Table 1. Quantitative comparison results in terms of True Positives (TP), False Negatives (FN), False Positives (FP), Precision (Prec.), Recall (Rec.) and F1-score (F1).
Table 2. Ablation on the data augmentation. Hyper-parameters used: \(\lambda = 1{\text {e}}\,-\,01\), learning rate = \(1{\text {e}}\,-\,03\), weight decay = \(1{\text {e}}\,-\,04\), \(t_\text {conf}=0.5\), \(t_\text {eval}=0.5\). Results reported are best values achieved on the test set.
Table 3. Ablation on the tracking hyper-parameters. First row show the upper bound we can reach in recall.
Fig. 7.
figure 7

Examples of detection results. Our detector can handle defects at different scales. Some detected regions are difficult to judge whether they are a defected, e.g. second row - second and third figure. There are then extreme cases where regions at the border of the log are detected as defects. Bounding-box key. Green: ground-truth. Red: estimated detection.

Fig. 8.
figure 8

Examples of tracking results. The first and second rows show how tracking can effectively filter out spurious detections. The last row shows the ability of tracking in interpolating miss-detections (top-left bounding boxes). Bounding-box key. Green: ground-truth. Red: estimated detection. Blue: estimated tracking state. (Color figure online)

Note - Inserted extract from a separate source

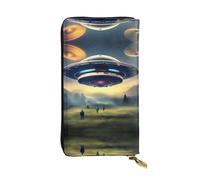 UFO Landing Pattern Leather Clutch (7.5x4.1 inches) - Coin Card Key Wallet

Table 2 reports the ablation study on different data transformation configurations that we used for the training of our detector. We obtained the best performance in terms of F1-score by combining data normalisation with random cropping and image flipping. We found that data augmentation is key to avoid overfitting. Table 3 reports the ablation study using different tracking parameters. We can observe that a high value of the threshold to decide between strong and weak detections have a positive effect on the Precision, but that it affects the Recall. Based on the application at hand, a user can tune these parameters to increase or decrease the sensitivity of the approach in order achieve the desired output quality.

4 Conclusions

We presented a deep-learning based algorithm to localise defects in volumetric Computed Tomography scanned wood logs. We showed how to perform 3D defect localisation via 2D object detection and multi-object tracking in order to meet the real-time requirements of the production line. We trained our models on annotations made by experts that deal with the wood production industry. Although the annotation process seems straightforward for deep-learning engineers, we experienced several challenges in instructing the experts. Annotation accuracy is critical to deploy reliable data-driven algorithms on a real production lines. We experimentally showed that we achieved promising localisation performance, which especially contributed to reduce the company’s economic loss by 7% compared to the previous years. This experience helped us understand that greater effort must be put into the creation of intuitive mechanisms for data annotation and into comprehensive protocols to localise well-defined defects.